Anyway, regarding the models, my experience is that there is not much difference in terms of quality, but the cost difference is insane. At least for how I use agents. Yesterday's example is the following: I am developing a small DSL for search across complex technical documents. I wanted to add a small operator to it and thought that to give fable a spin. It burned through 13 USD and while it delivered the solution it wasn't objectively better than what Deepseek v4 did for 1.7 dollars (same exact task because I was curious).

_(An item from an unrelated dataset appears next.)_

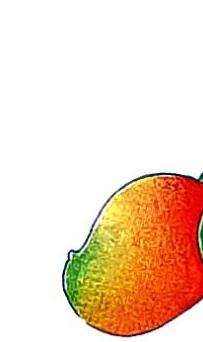 A mango, colored green, yellow, and red, is visible in the lower right corner against a white background.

For full disclosure, I ask agents for piecemeal stuff. Like in the DSL case, I designed the operators and then asked agents to implement them one by one. Probably if I asked to design the whole thing starting from these complex documents Fable would shine, but every time I try to give agents broader scope tasks they burn through millions of tokens, generate questionable code, which I have to spend time familiarize myself with.
I'm making DSLs a lot as an architecture pattern also. I'd be curious to know what stack you're using this and how you're approaching it
I am getting familiar with Rust and so I have been playing around with Quoth (https://github.com/sam0x17/quoth) for now.
It is very basic and I am no DSL expert, but my idea was to build a graph from those complex documents (maintenance manuals) a that to decide what tools can be used for a given part on a given equipment in a given situation. If there is a path from A to Z it means you can use that tool given the circumstances. Basically the DSL is about pruning the graph as you specify things. I could have very well done without, but it is a fun project to try out rust, so I said, why not :)